Crawled caption data:
Start of Block

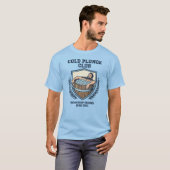Cold Plunge Club Tシャツ (正面フル)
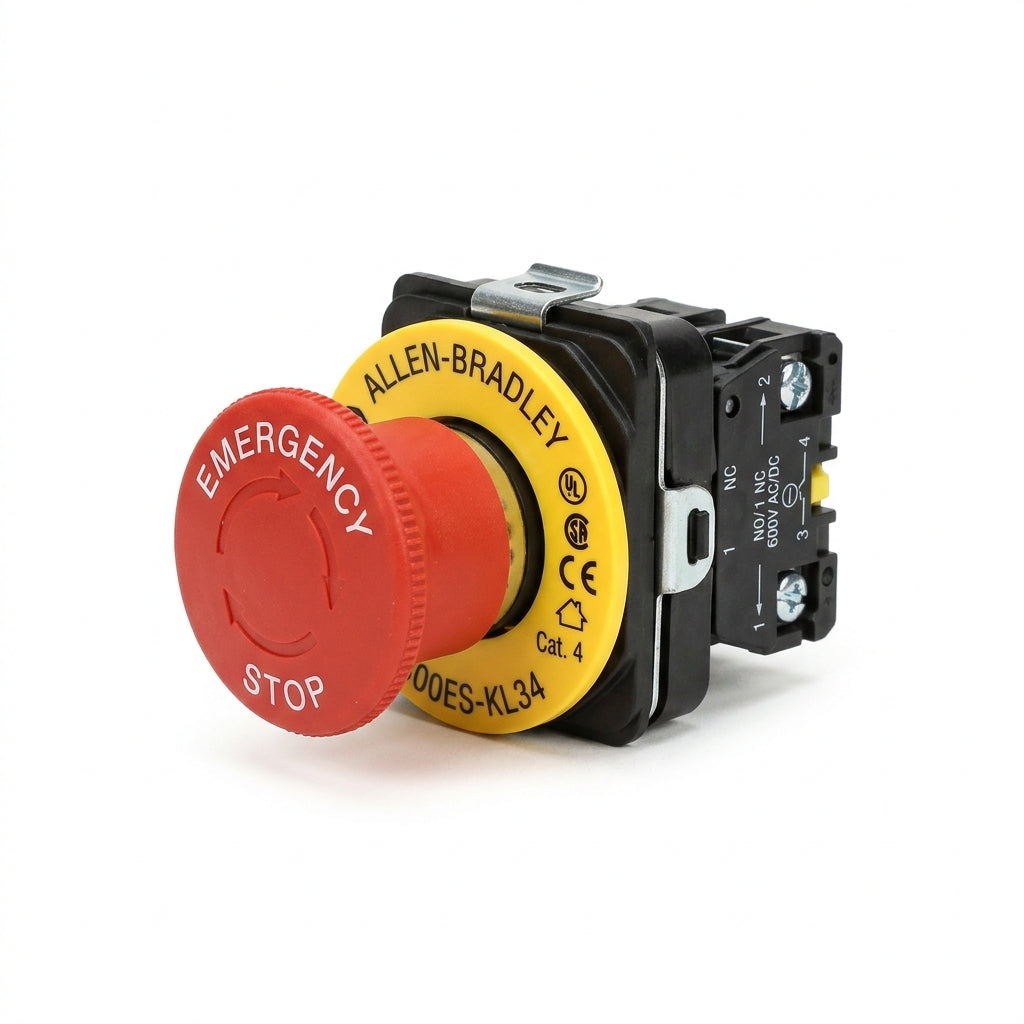 ALLEN-BRADLEY 800ES-KL34 BOTONES PULSADORES BOTONERAS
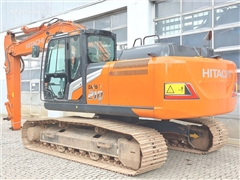 Koparka gąsienicowa Hitachi ZX210LC-7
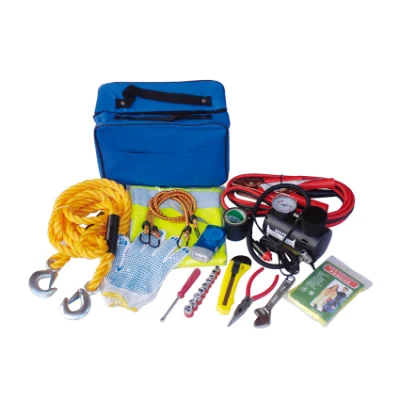 Road Safety Repair Tool Bag Portable Roadside Car Emergency Kit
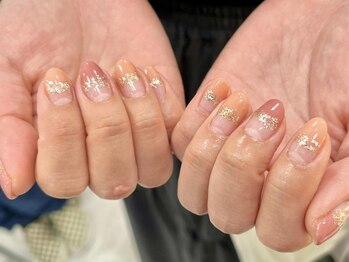 クリスタルネイル ゆめタウン夢彩都(CRYSTAL NAIL)/定額キャンペーンネイル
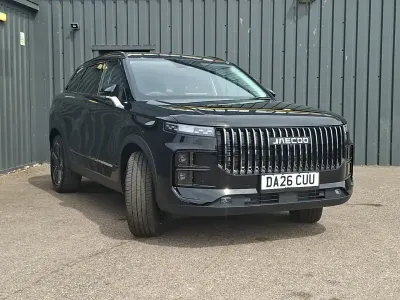 Used Jaecoo 7 204 HP (150 kW) 2026 Black SUV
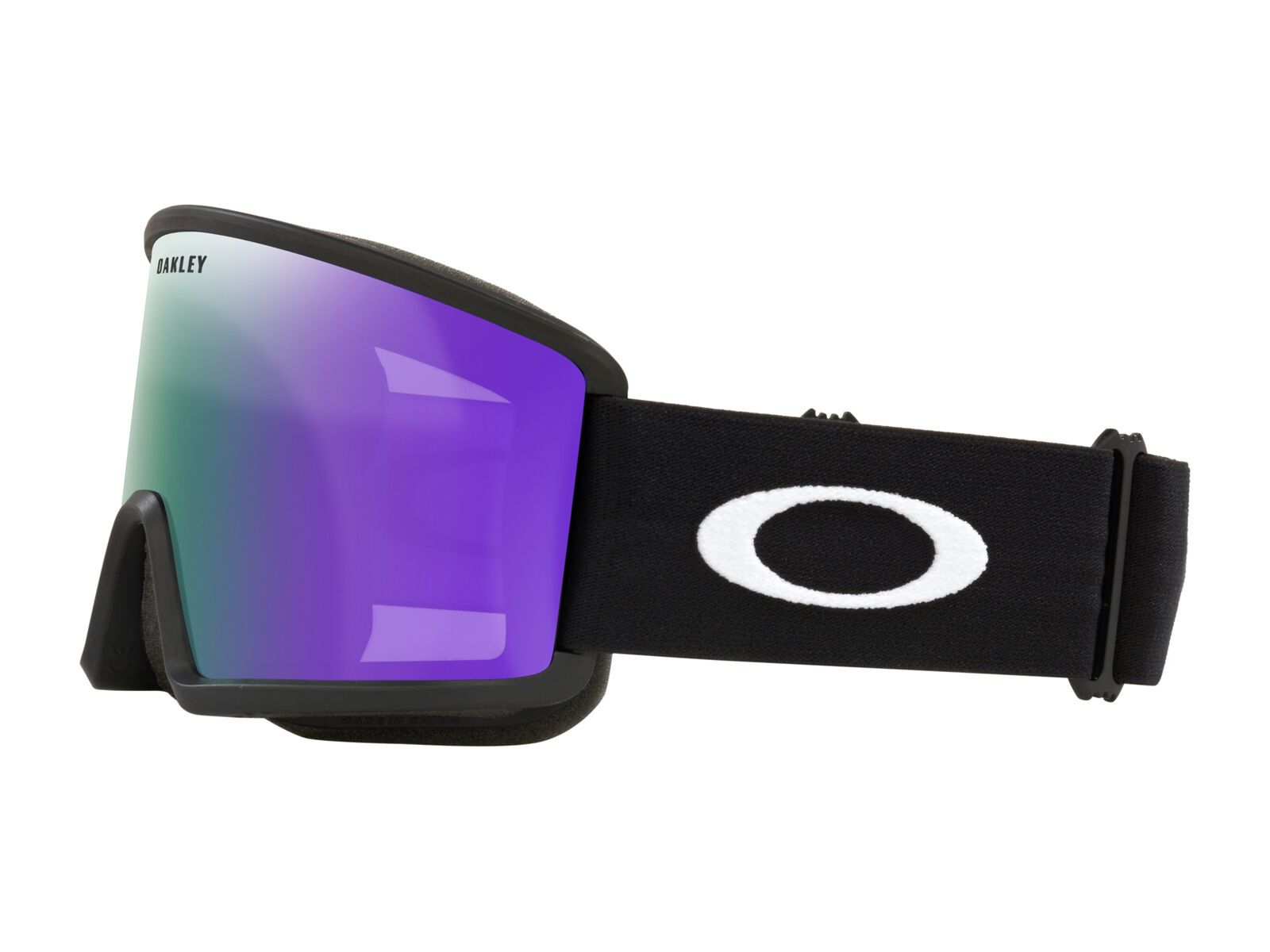 Oakley Target Line L, Violet Iridium / matte black - Bild 2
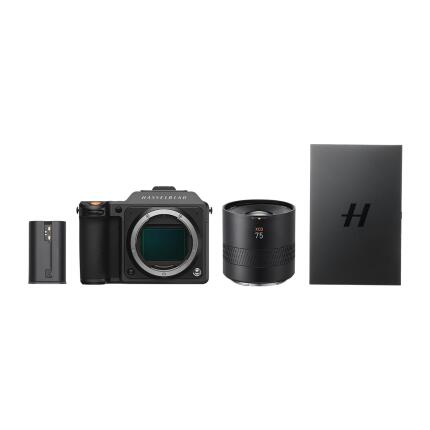 Hasselblad X2D 100C Medium Format Mirrorless Camera with 75mm f/3.4 P Lens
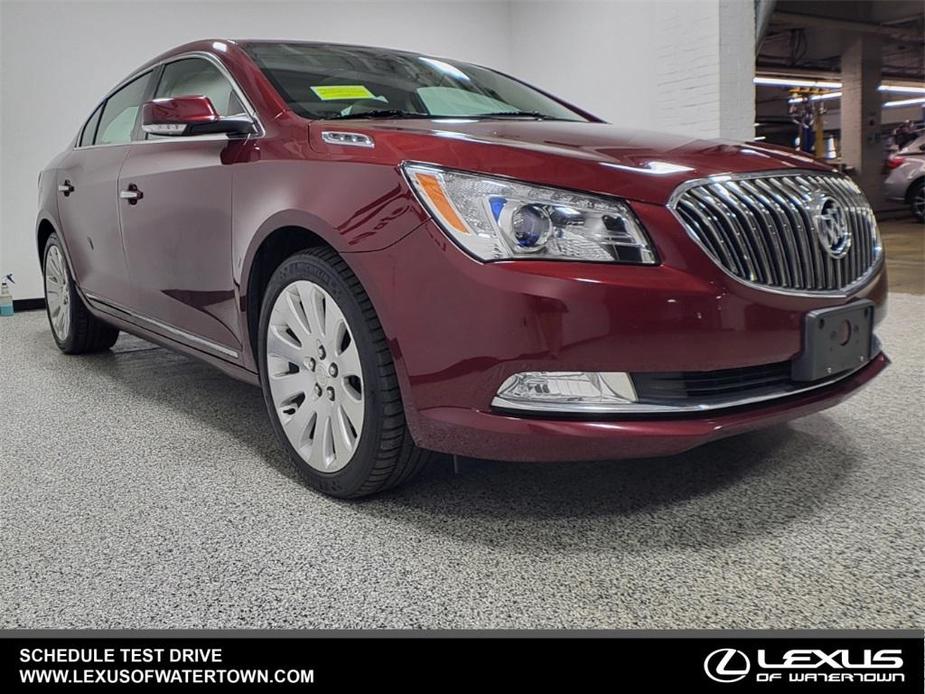 used 2015 Buick LaCrosse car, priced at $17,997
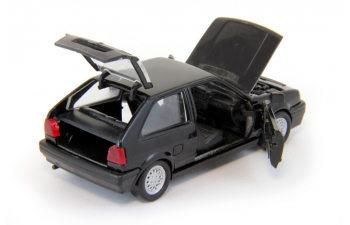 VOLKSWAGEN Polo Coupe (1991), black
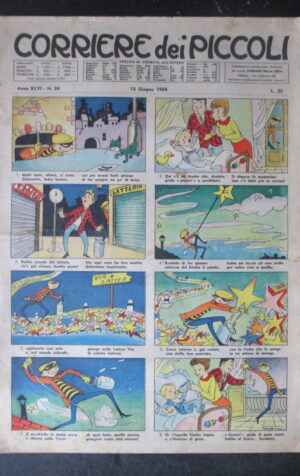 CORRIERE DEI PICCOLI 24 1954     [L1]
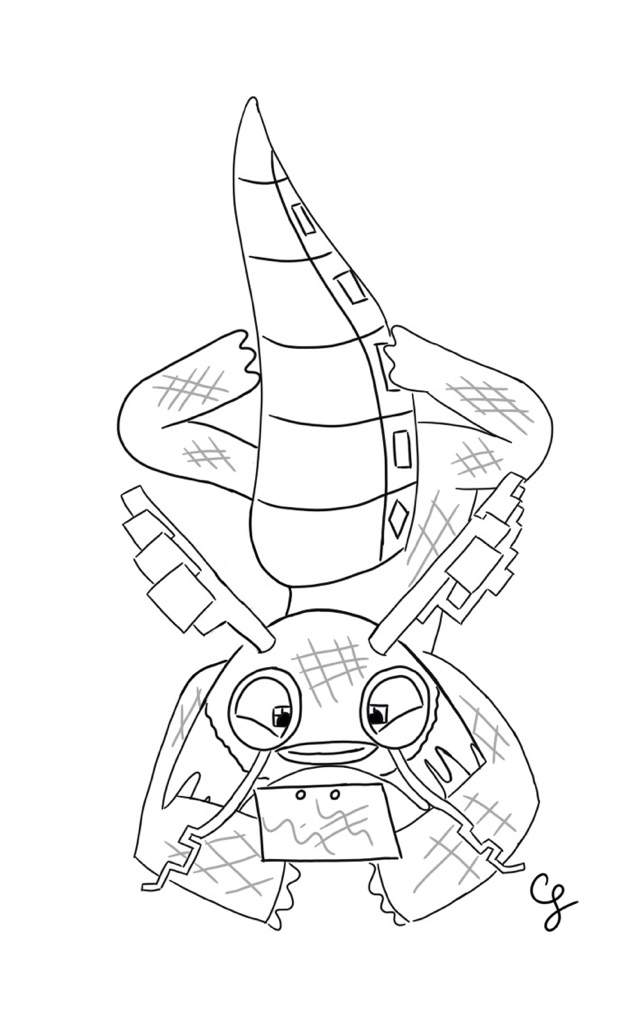 My Singing Monsters Coloring Pages Sketch Coloring Page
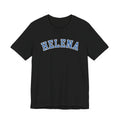 Helena Block Style Unisex Jersey Short Sleeve Tee - joyful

End of Block

### TASK GOAL
Give back, word for word, the lines from the line that contains "Oakley Target Line" through the last line of the records, with no pictures and nothing else.

### COMPLETED EXERCISE
 Oakley Target Line L, Violet Iridium / matte black - Bild 2
 Hasselblad X2D 100C Medium Format Mirrorless Camera with 75mm f/3.4 P Lens
 used 2015 Buick LaCrosse car, priced at $17,997
 VOLKSWAGEN Polo Coupe (1991), black
 CORRIERE DEI PICCOLI 24 1954     [L1]
 My Singing Monsters Coloring Pages Sketch Coloring Page
 Helena Block Style Unisex Jersey Short Sleeve Tee - joyful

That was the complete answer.